[Brief descriptive captions]
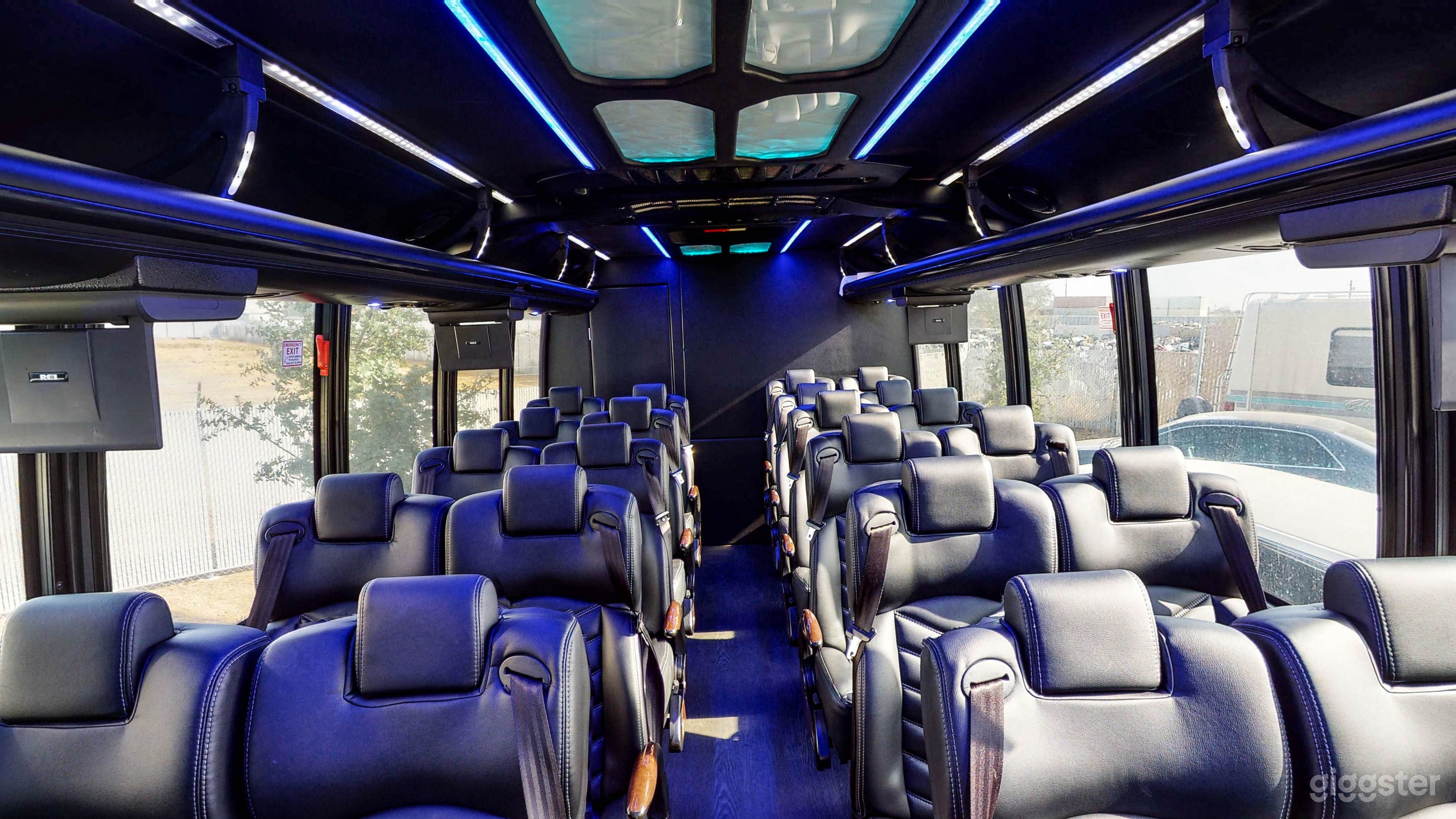 Freightliner M2 Bus Executive Photo 2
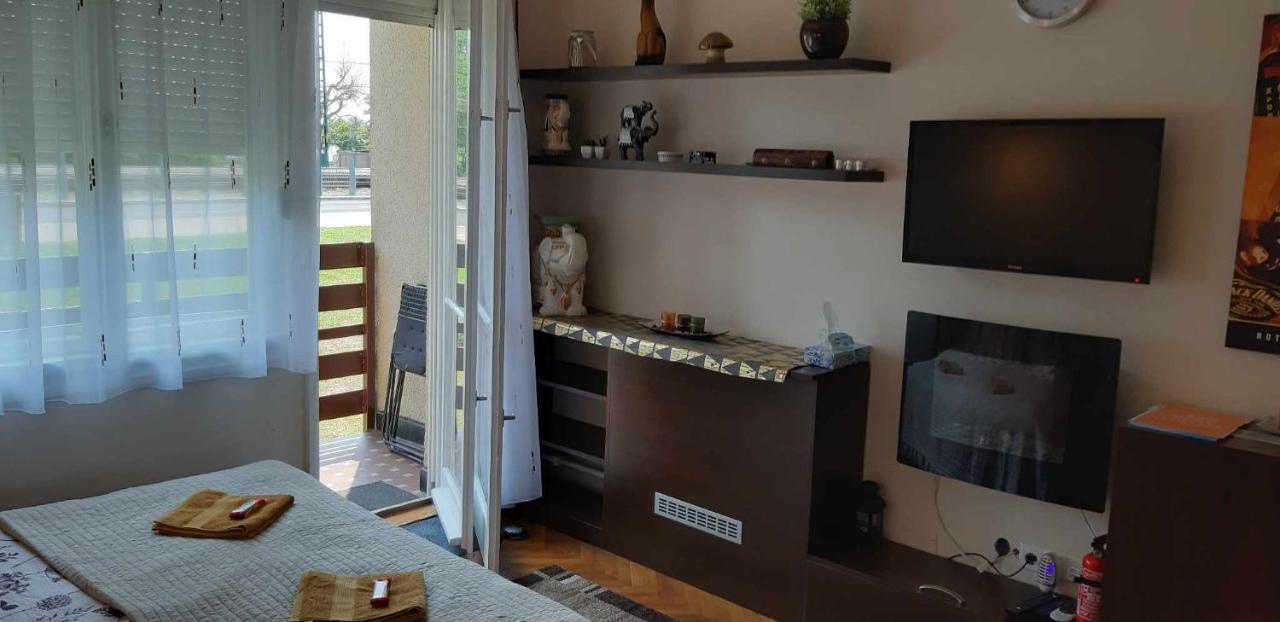 Апартаменти Rosy Apartman Вонярцвашгедь Екстер'єр фото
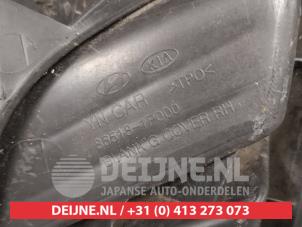 Kia Venga Bumper grille O441127 photo 3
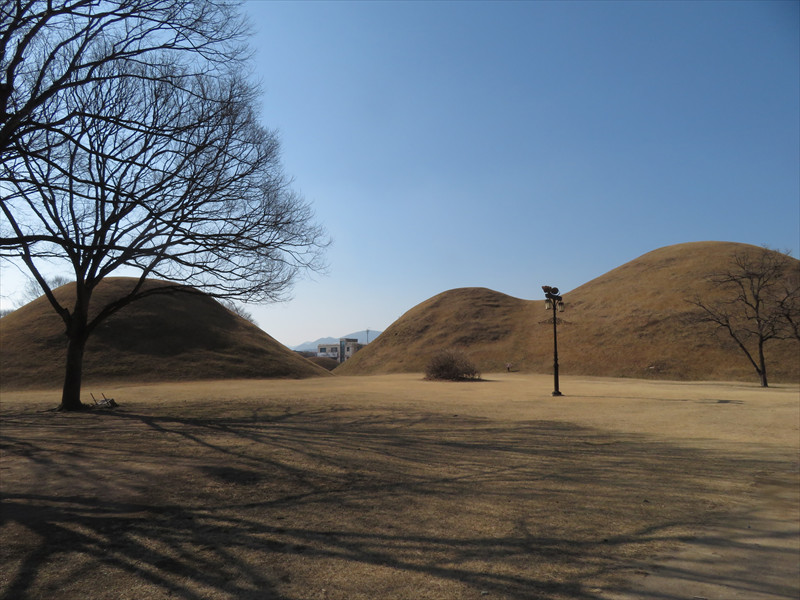 路西里古墳群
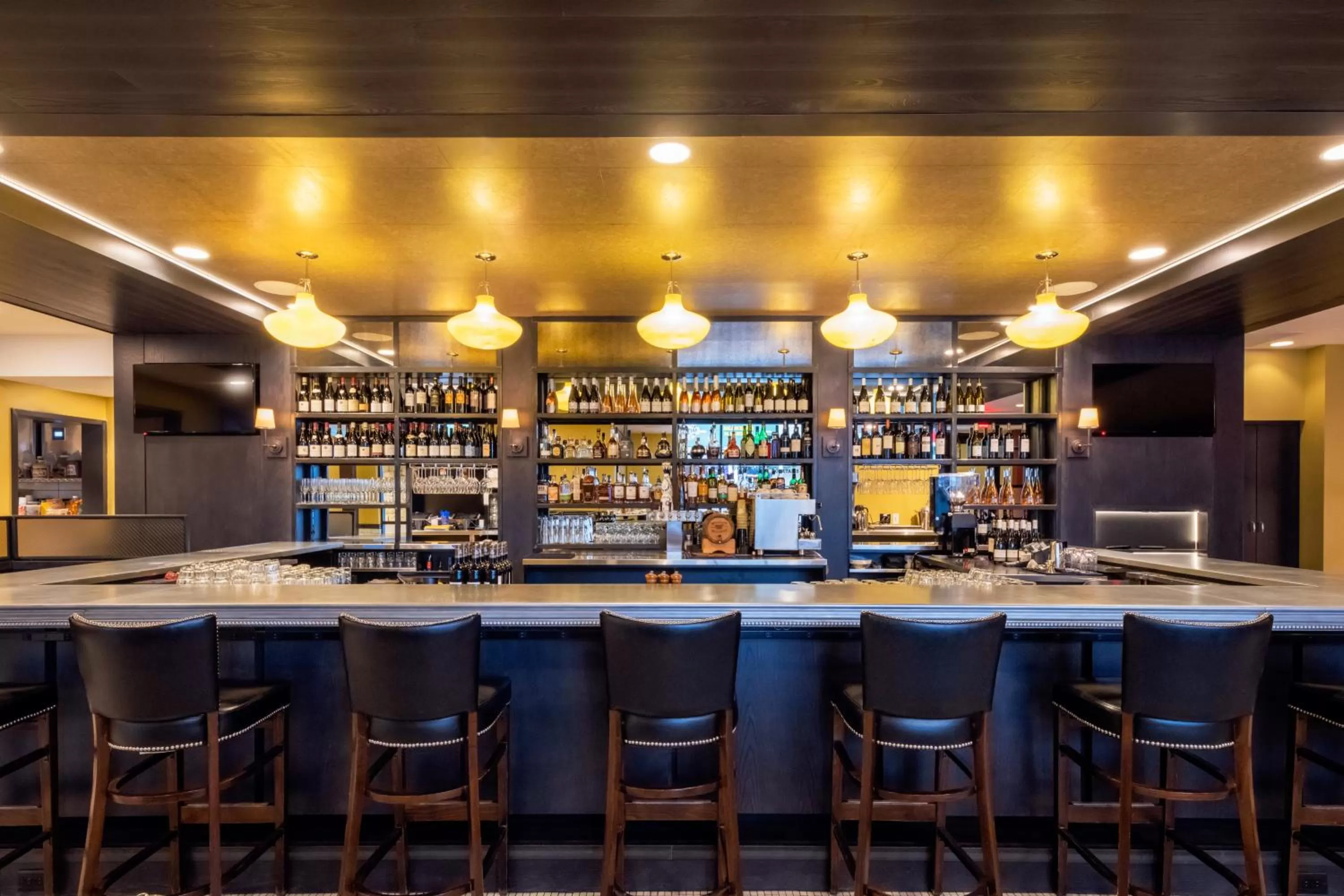 Lounge or bar in The Cloudveil, Autograph Collection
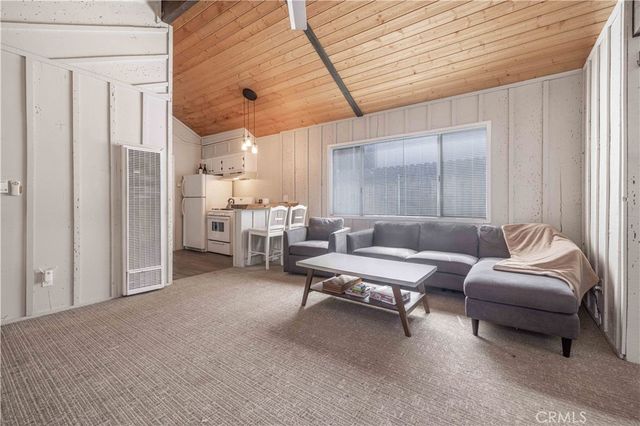 785 Vista Avenue, Sugarloaf, CA 92386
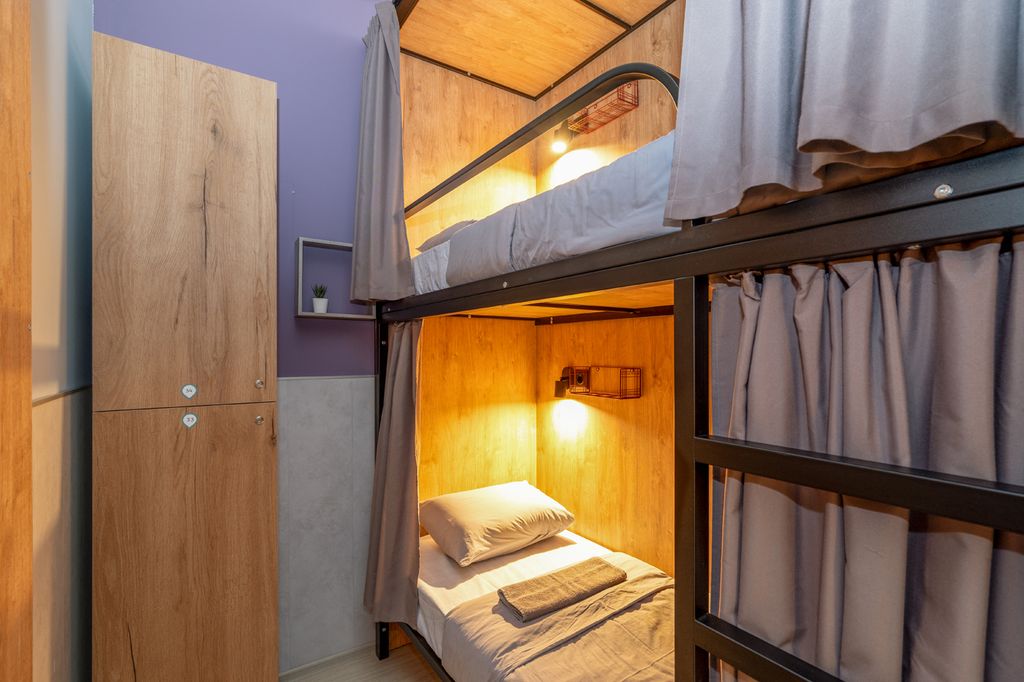 Дип Слип — Многоместный смешанный номер улучшенная капсула в шестиместном общем номере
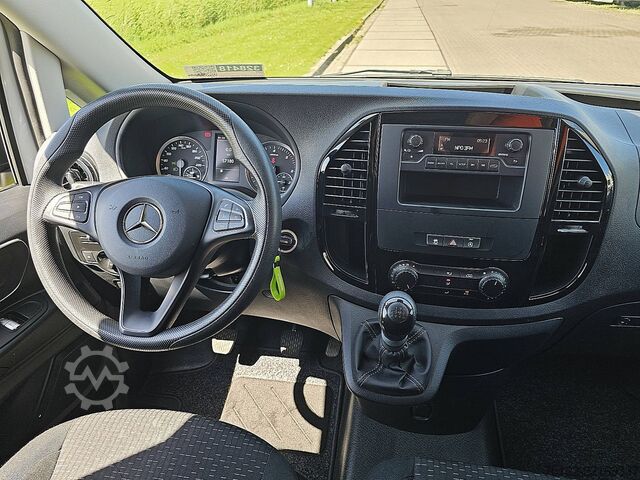 Karavan sa visokim krovom MERCEDES-BENZ VITO 114 L2 Euro6 Airco 136Pk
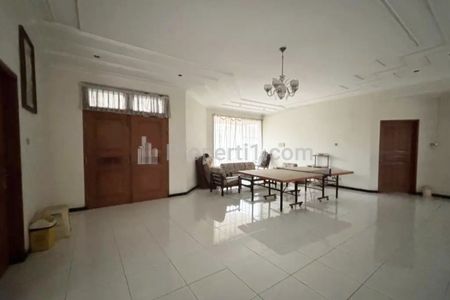 Jual Rumah Elite Margorejo Indah Surabaya, SHM on hand Siap Nego Row 3 mobil, Dekat Jemursari, A Yani, Tol Waru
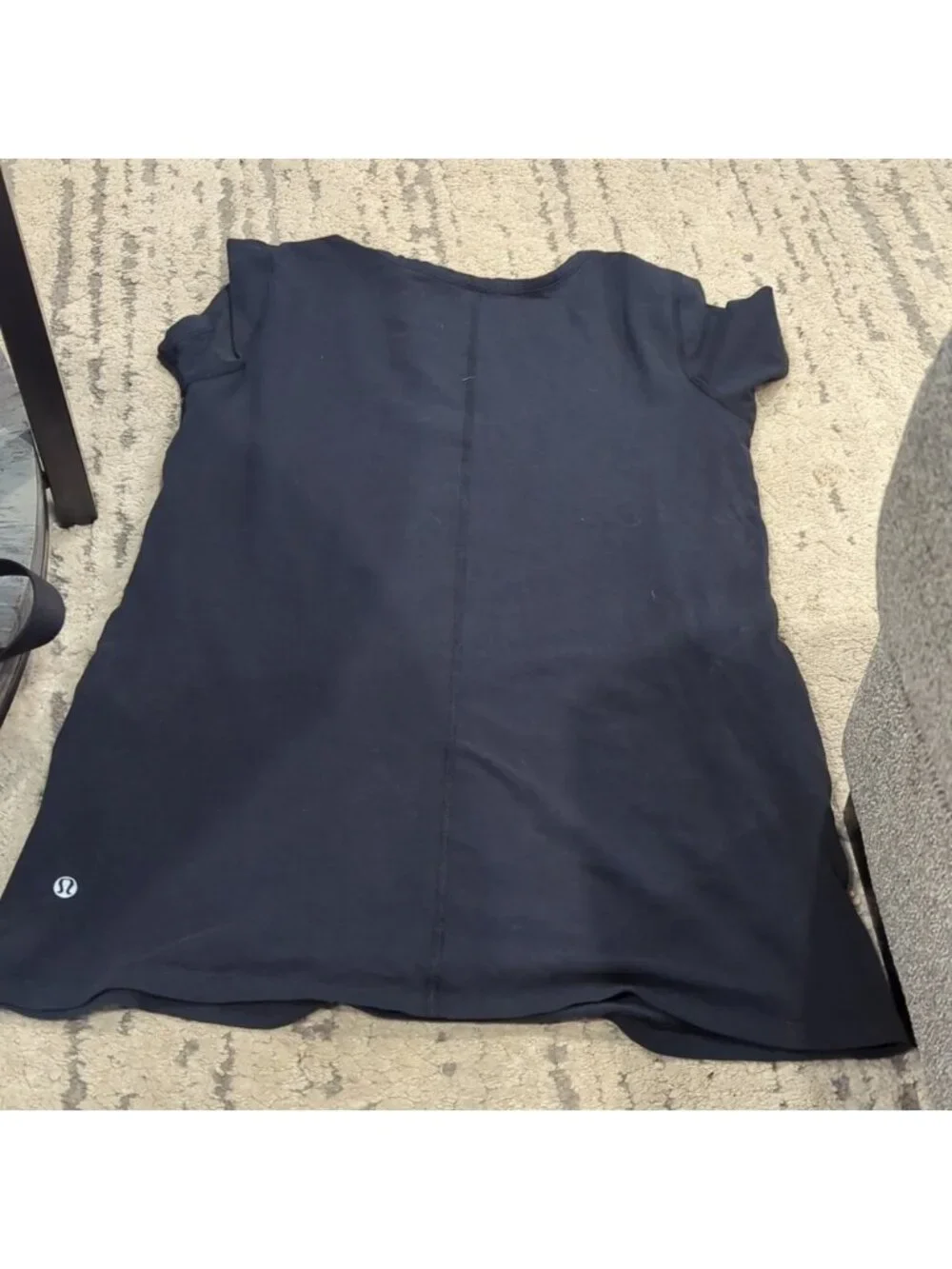 Lululemon scoop neck short sleeves with side pockets black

> _Activity_
Repeat each record exactly as shown above, dropping all images.

> _Task output_
 Freightliner M2 Bus Executive Photo 2
 Апартаменти Rosy Apartman Вонярцвашгедь Екстер'єр фото
 Kia Venga Bumper grille O441127 photo 3
 路西里古墳群
 Lounge or bar in The Cloudveil, Autograph Collection
 785 Vista Avenue, Sugarloaf, CA 92386
 Дип Слип — Многоместный смешанный номер улучшенная капсула в шестиместном общем номере
 Karavan sa visokim krovom MERCEDES-BENZ VITO 114 L2 Euro6 Airco 136Pk
 Jual Rumah Elite Margorejo Indah Surabaya, SHM on hand Siap Nego Row 3 mobil, Dekat Jemursari, A Yani, Tol Waru
 Lululemon scoop neck short sleeves with side pockets black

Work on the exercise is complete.